Eine andere Beförderungsmöglichkeit ist der Sammeltransport. Nach einem festen Linienplan werden die Gefangenen wie eine Manövriermasse in umgebauten Reisebussen transportiert, welche zur Verhinderung von Entweichungen oder gar Befreiungsversuchen technisch gesichert sind. Im Durchschnitt bietet ein solcher Bus 11 mobile Zellen und Platz für 27 Gefangene.
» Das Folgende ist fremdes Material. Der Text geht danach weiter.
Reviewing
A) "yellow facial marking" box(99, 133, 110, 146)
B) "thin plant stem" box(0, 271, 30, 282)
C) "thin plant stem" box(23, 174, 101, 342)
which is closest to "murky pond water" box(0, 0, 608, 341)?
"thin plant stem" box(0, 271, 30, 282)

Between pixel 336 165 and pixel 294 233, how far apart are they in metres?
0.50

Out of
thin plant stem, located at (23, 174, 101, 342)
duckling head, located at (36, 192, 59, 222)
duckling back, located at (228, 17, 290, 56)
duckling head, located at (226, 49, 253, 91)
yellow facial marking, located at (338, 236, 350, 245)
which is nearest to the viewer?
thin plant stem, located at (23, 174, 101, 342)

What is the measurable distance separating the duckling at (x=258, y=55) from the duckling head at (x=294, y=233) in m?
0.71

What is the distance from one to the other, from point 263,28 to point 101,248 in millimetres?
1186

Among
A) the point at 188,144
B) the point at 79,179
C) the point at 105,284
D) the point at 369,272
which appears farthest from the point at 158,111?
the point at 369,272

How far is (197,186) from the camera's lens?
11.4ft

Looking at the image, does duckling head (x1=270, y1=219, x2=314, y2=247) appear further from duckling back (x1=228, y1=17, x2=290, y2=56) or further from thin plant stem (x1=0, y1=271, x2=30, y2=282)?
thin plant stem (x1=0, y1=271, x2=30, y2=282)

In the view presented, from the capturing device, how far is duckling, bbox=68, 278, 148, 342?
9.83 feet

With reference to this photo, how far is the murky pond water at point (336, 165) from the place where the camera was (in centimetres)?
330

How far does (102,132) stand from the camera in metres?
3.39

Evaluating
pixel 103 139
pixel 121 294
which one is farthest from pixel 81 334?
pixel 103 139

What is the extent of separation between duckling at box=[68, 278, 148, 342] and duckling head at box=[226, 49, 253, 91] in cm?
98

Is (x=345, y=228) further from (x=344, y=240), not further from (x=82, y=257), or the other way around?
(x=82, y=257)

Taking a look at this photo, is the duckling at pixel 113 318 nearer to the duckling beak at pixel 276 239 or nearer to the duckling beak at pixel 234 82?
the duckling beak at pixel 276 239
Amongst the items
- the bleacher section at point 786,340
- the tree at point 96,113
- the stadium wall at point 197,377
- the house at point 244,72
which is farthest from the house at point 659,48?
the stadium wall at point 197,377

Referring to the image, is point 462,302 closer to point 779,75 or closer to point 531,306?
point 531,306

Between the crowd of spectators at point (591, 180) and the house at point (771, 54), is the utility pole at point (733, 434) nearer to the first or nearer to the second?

Zum Teil in Einzelkabinen gepfercht (oft nur einen halben Quadratmeter groß; zum Ausblick steht in den meisten Fällen nur ein winziger Sehschlitz zur Verfügung; als Luftzufuhr dient eine Belüftung, die entweder kalte oder warme Luft in den einer überdimensionalen verschließ- und verriegelbaren Sparbüchse ähnlichen Raum leitet; Anschnallgurte sind nahezu niemals vorhanden; Toiletten sind in den Thüringer Bussen nicht zu finden), wird der Gefangene wie ein Transportgut, wie eine Ware von A nach B gefahren. Gerade in den Sommermonaten bewegt sich eine derartige Beförderung im Bereich des Unerträglichen, da in den Bussen - die vorhandene Belüftung reicht nicht annähernd aus -horrende Temperaturen herrschen. Sammeltransporte durch ganz Deutschland können zum Teil mehrere Wochen dauern. Eine Fahrt von Aachen nach Dresden schlägt durchschnittlich mit 15 Tagen zu Buche, weil der Häftling zwischenzeitlich als "Durchgangsgefangener“ in verschiedenen Justizvollzugsanstalten verweilen und in der Logik nicht nachvollziehbare Umwege in Kauf nehmen muss. Untergebracht wird der Gefangene während dieses Zeitraumes in so genannten Termin-, Zu- bzw. Durchgangszellen, weiche meist spartanisch ausgestattet und stark verschmutzt sind. Oftmals entsprechen die Räumlichkeiten nicht einmal den Mindeststandards der Einhaltung menschenwürdiger Unterbringung, da diese Zellen stets überbelegt sind und zumeist über keine separat abgetrennte oder gesondert entlüftete Toilette verfügen. Dass sich vier Gefangene einen 12-Quadratmeter-Haftraum teilen mussten und im Status quo immer noch oftmals teilen müssen, ist keine Seltenheit.